Overcoming these foundational obstacles to a twostate agreement requires more than negotiations between political leaders. Recently the idea of a conference hosted in France to spark Israeli-Palestinian talks was shot down. The Europeans may, however, be particularly suited to host conferences that bring together the religious leaders, historians and NGOs that engage in talks, without outside political pressure. Airing these issues and reaching a better understanding could impact public opinion and provide leadership with the necessary public support and political cover to accommodate each other.

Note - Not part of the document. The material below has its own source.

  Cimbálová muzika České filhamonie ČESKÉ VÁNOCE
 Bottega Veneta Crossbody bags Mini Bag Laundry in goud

For this reason any negotiations about the future of the city of Jerusalem, for example, requires in-depth dialogue between respected and independent Jewish and Muslim religious scholars. In a different setting, notable historians can meet to advance understanding among both peoples of the traumatic history of each side and how the narratives have been shaped in the past and might be shaped in the future to advance coexistence. Other conferences could deal with the lack of trust, the continuing self-entrapment and the denial of the realities on the ground. Finally, non-governmental organizations can help disseminate the findings, without the political baggage borne by the leadership. The European community would be ideal to host such conferences of dialogue because they don’t share the same religious biases of countries like the United States or Turkey.
Doing so would also acknowledge the helpful role that Europe and the broader international community can play in resolving the conflict. Only with a broader and deeper dialogue, and shared pursuit of understanding the conflict, can its roots be addressed, and ended on the political, psychological, historical and religious levels.
The writer is adjunct professor of international relations at the Center for Global Affairs at NYU. He teaches international negotiation and Middle Eastern studies.